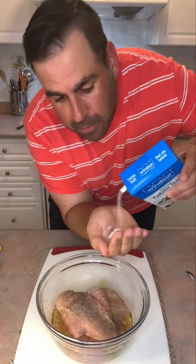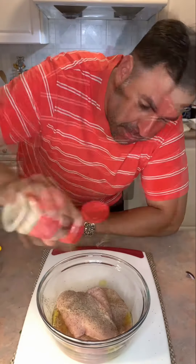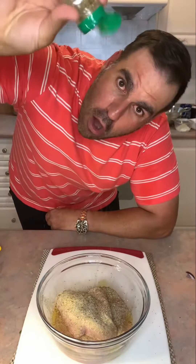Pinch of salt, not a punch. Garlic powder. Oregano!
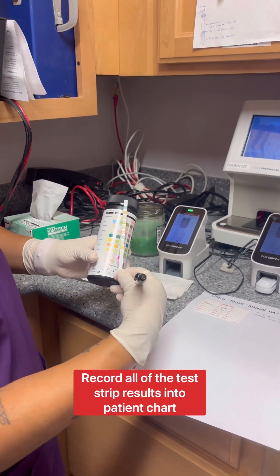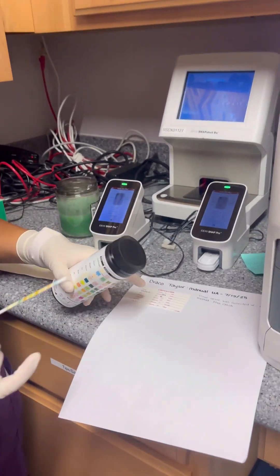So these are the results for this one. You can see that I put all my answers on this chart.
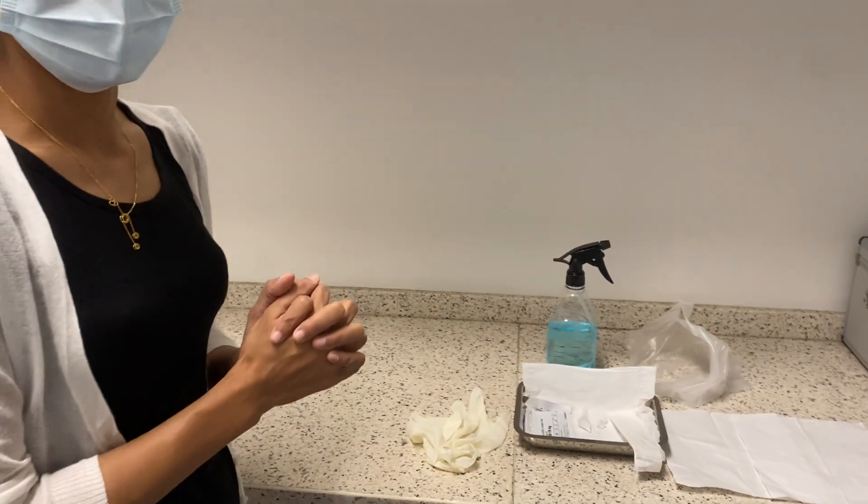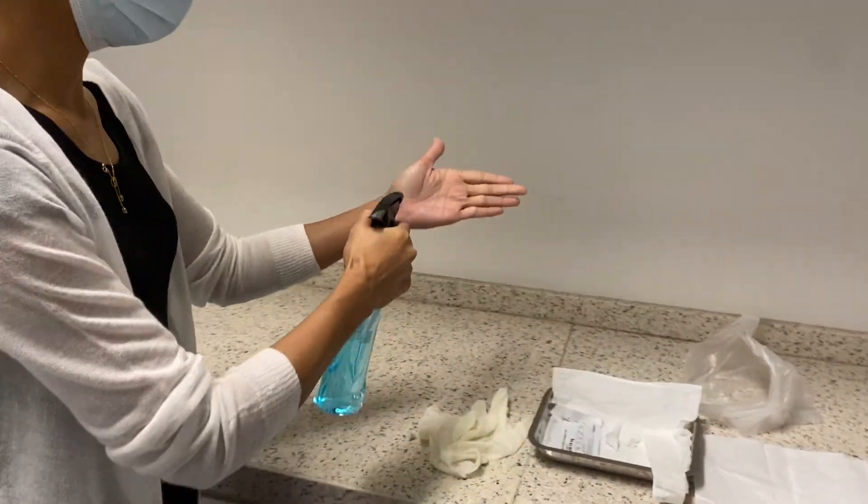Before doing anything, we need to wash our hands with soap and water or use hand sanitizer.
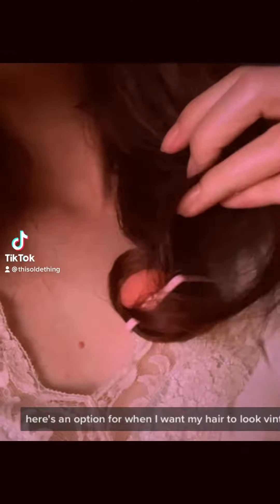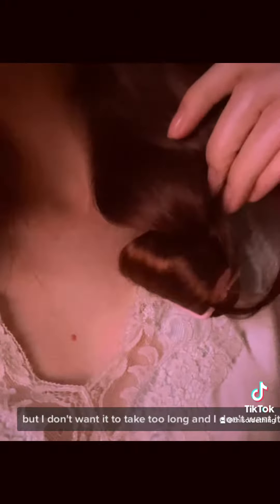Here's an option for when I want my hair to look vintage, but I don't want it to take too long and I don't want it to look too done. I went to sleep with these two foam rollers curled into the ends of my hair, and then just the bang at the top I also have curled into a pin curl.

----

__Exercise goal__
Write out every line above again exactly, with the pictures left out.

__Response to the exercise__
Pinch of salt, not a punch. Garlic powder. Oregano!
So these are the results for this one. You can see that I put all my answers on this chart.
Before doing anything, we need to wash our hands with soap and water or use hand sanitizer.
Here's an option for when I want my hair to look vintage, but I don't want it to take too long and I don't want it to look too done. I went to sleep with these two foam rollers curled into the ends of my hair, and then just the bang at the top I also have curled into a pin curl.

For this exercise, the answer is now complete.